34. A fastener for an aircraft structure, the fastener comprising a shaft and a head, in which the head comprises: a curved, concave cross section having: a first region proximate the shaft, the first region having a first radius of curvature, and,a second region on the opposite side of the first region to the shaft, the second region having a second radius of curvature,in which the second radius of curvature is larger than the first radius of curvature.

35. A fastener according to claim 34, in which the first region is adjacent the shaft.

36. A fastener according to claim 35, in which a tangent of the first region where it meets the shaft is aligned with the shaft.

37. A fastener according to claim 34 in which the first and second regions are adjacent.

38. A fastener according to claim 34 in which the head comprises an intermediate region joining the first and second regions, in which the intermediate region gradually increases in radius from the first radius to the second radius.

39. A fastener according to claim 38 in which the intermediate region describes an involute curve.

40. A fastener according to claim 34 in which the second radius is at least two times the first radius.

41. A fastener according to claim 34 in which the second radius terminates at an end edge of the fastener head.

42. A fastener according to claim 34 in which the head comprises an end region between the second region and the end of the head opposite the shaft, the end region being curved oppositely to the first and second regions.
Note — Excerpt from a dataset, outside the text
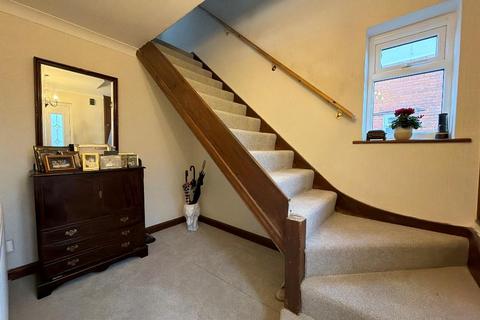 undefined, Claremont Close, Sanderstead, Surrey, CR2 9EQ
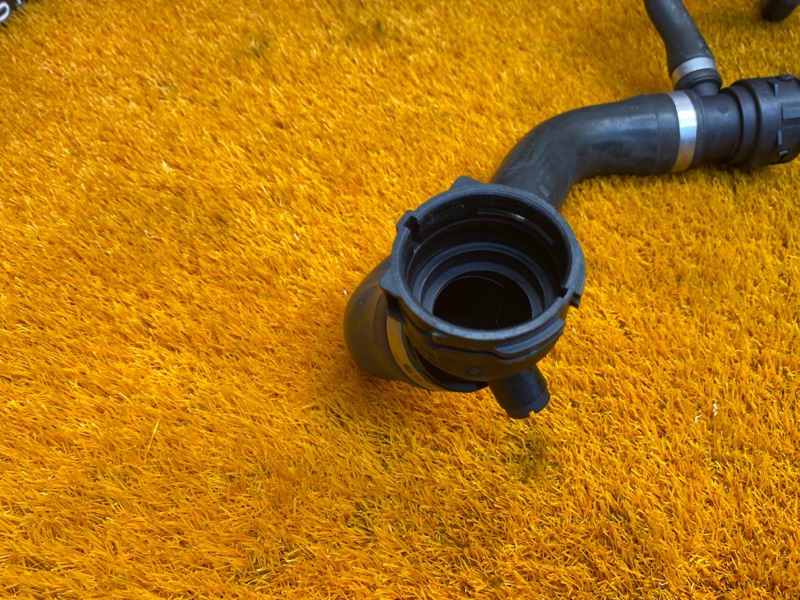 Патрубок системы охлаждения, 1200 рублей, Красноярск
43. An aircraft assembly comprising: a first panel having a first bore;a second panel having a second bore aligned with the first bore;in which at least one of the first and second panels is constructed from a composite material;a fastener extending at least partially through the first and second bores to join the panels, the fastener comprising a shaft and a head, in which the head comprises: a curved, concave cross section having: a first region proximate the shaft, the first region having a first radius of curvature, and,a second region on the opposite side of the first region to the shaft, the second region having a second radius of curvature,in which the second radius of curvature is larger than the first radius of curvature.